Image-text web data
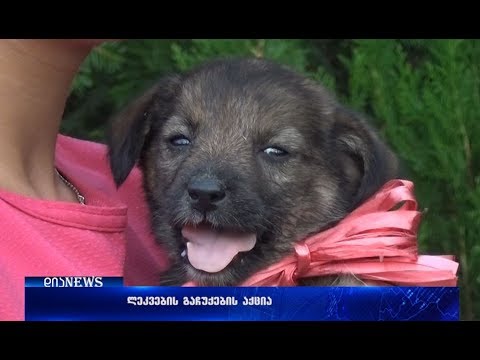 გორში ლეკვების გაჩუქების აქცია მიმდინარეობს 17.08.2018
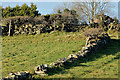 J3958 : Drystone walls near Saintfield (1) by Albert Bridge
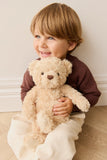 Snuggle Bunnies Arthur The Bear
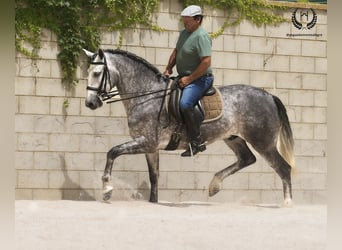 PRE Mestizo, Caballo castrado, 4 años, 168 cm, Tordo rodado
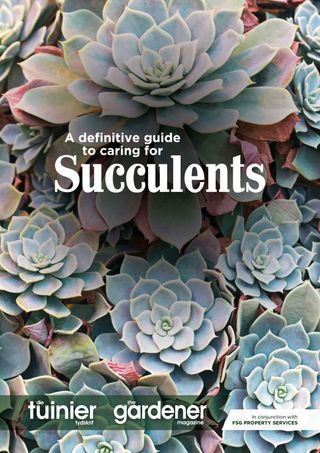 2-13209.jpg A definitive Guide to Caring for Succulents - Image 1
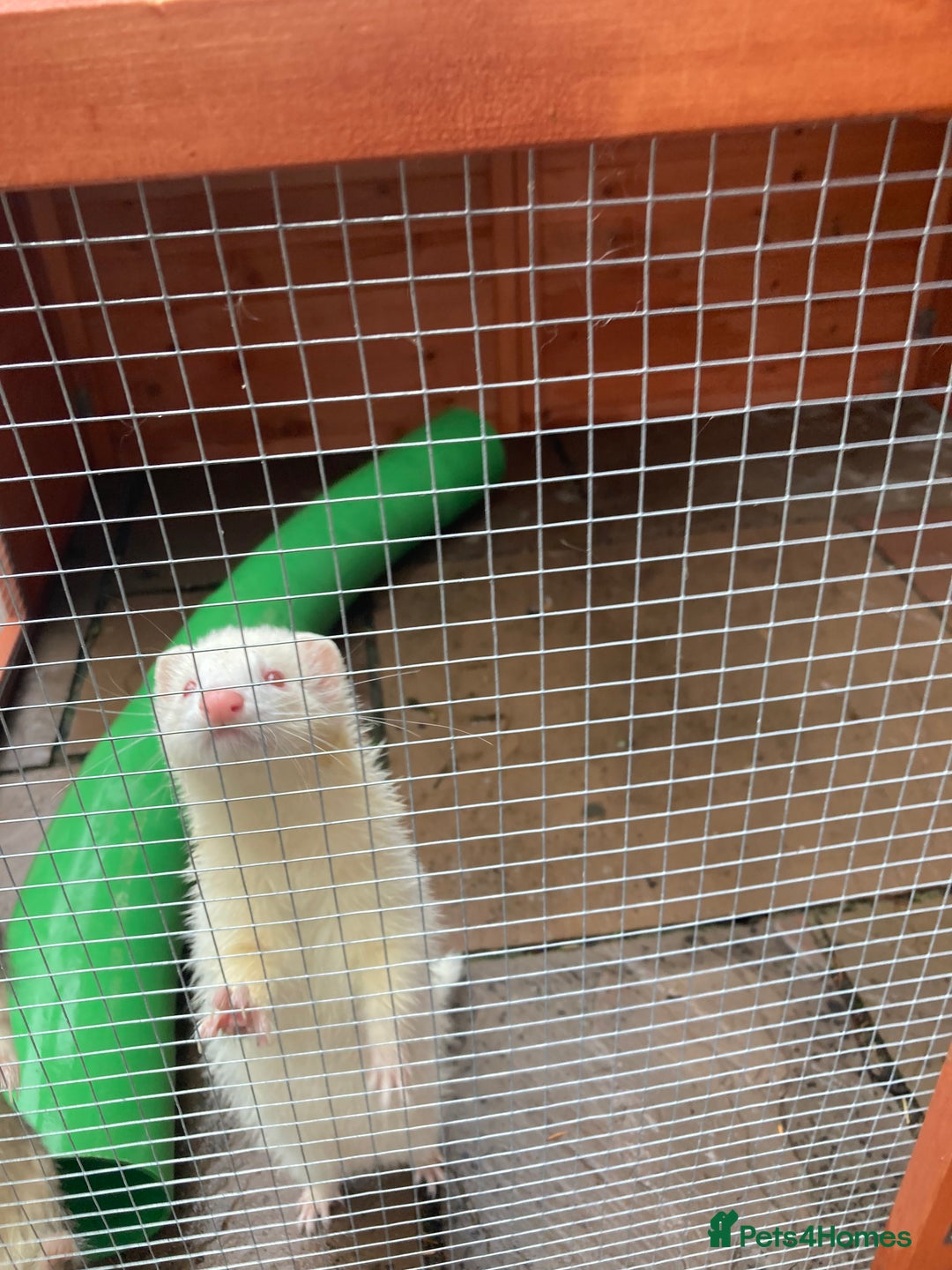 Ferret rodents for sale: Ferret  - Image 1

> [Task directions]: Final task for the records above: print exactly the lines from the one that contains "J3958 : Drystone" through the last line, both ends included, pictures excluded.

> [Response to the task]:
 J3958 : Drystone walls near Saintfield (1) by Albert Bridge
 Snuggle Bunnies Arthur The Bear
 PRE Mestizo, Caballo castrado, 4 años, 168 cm, Tordo rodado
 2-13209.jpg A definitive Guide to Caring for Succulents - Image 1
 Ferret rodents for sale: Ferret  - Image 1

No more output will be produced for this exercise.